I can sum up my formal education in Nebraska History in even less time. Maybe call it Three Minute Nebraska History, which, on the one hand, isn’t so hard to understand since most of this official book-learnin’ on Nebraska happened in the fourth grade. That’s pretty close to forty years ago. On the other hand, I don’t think our Nebraska Studies class was too rigorous. The highlight was making succotash of lima beans and corn.

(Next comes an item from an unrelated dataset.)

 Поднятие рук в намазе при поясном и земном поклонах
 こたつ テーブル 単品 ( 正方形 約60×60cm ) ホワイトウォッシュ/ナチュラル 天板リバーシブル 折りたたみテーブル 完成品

Here’s what I know from fourth grade, and pretty much all I knew until I was much older (the three minute university): Pioneers crossed Nebraska in covered wagons. They built houses out of dirt called soddies. William Jennings Bryan (whoever he was), Dick Cavett (guy on TV) and Johnny Carson (another guy on TV) came from Nebraska. Nebraska has a different form of government called a unicameral (how or why this was different nobody knows). Oh, and those pioneers ate lima beans and corn. Every day. The photo at right is sort of my graduation photo from Nebraska studies: taken just before getting on the bus for “Pioneer Day!”
Naturally, I picked up some additional tidbits here and there (Henry Fonda also came from Nebraska), but by the time I left Nebraska for college in South Dakota, I knew that nothing ever happened there.
Now, the depth of my ignorance didn’t present itself all at once. It wasn’t like tumbling down a mine shaft one day. More like, having lived in the mine shaft all my life, I started to see dim hints of light. (Doc Middleton? Moses Kinkaid? Edward Creighton? Who were they? ) When I finally looked up and saw the blue sky so far above, I realized how much climbing there was to do.
The interesting thing about real history is that the more you climb, the more that open blue sky recedes away from you. Instead of leaping ahead and getting closer, you find yourself deliberately putting in additional layers to work through. What initially looked like a daunting climb of a few months, turns into an enjoyable occupation of years, probably decades.
What started as Three Minute Nebraska History, becomes Lifetime Nebraska History.